First launched in 2016, the Da Capo Society is an organization for younger opera enthusiasts, roughly ages 21 to 40, dedicated to promoting and enjoying opera. Members enjoy discounted prices and meet to socialize before and after shows, as well as gaining access to behind-the-scenes conversations with visiting artists. Members are encouraged to bring guests, as a central goal of the organization is to cultivate a younger audience for the opera.

===Sarasota Opera House===
For a more detailed article on the opera house, see Sarasota Opera House

Recognizing the need for a larger theater with an orchestra pit, the guild purchased the then-closed A. B. Edwards Theatre, which had been renamed as the Florida Theatre in December 1936. The theater had been built in 1926 by an important early resident of Sarasota, Arthur Britton Edwards, as a versatile performance venue that could be adapted for vaudeville or as a movie house. The guild members renovated the building beginning in 1982. The next year the A. B. Edwards Theatre was listed on the National Register of Historic Places, and was reopened as the Sarasota Theatre of the Arts in 1984. The name was changed to the Sarasota Opera House a few years later. From 2007 until the opening of the new season on 1 March 2008, the opera house was extensively remodeled and updated throughout its interior and exterior.
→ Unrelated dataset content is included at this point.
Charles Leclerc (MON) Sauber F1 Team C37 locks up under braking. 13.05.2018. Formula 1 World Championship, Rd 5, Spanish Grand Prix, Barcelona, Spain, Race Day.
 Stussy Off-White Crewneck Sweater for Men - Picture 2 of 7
The $20 million renovations included a gutting of the auditorium, resulting in a newly configured seating plan, expansion of the public areas and Opera Club on the second level, and the opening up of the atrium to reveal a newly installed skylight system, which had existed in the 1926 building. The orchestra pit was also enlarged and expanded to accommodate the larger orchestras needed to perform the later works of Verdi (Otello, Don Carlos, Aida), as well as Puccini's Turandot. Seating in the hall has been expanded to 1,119.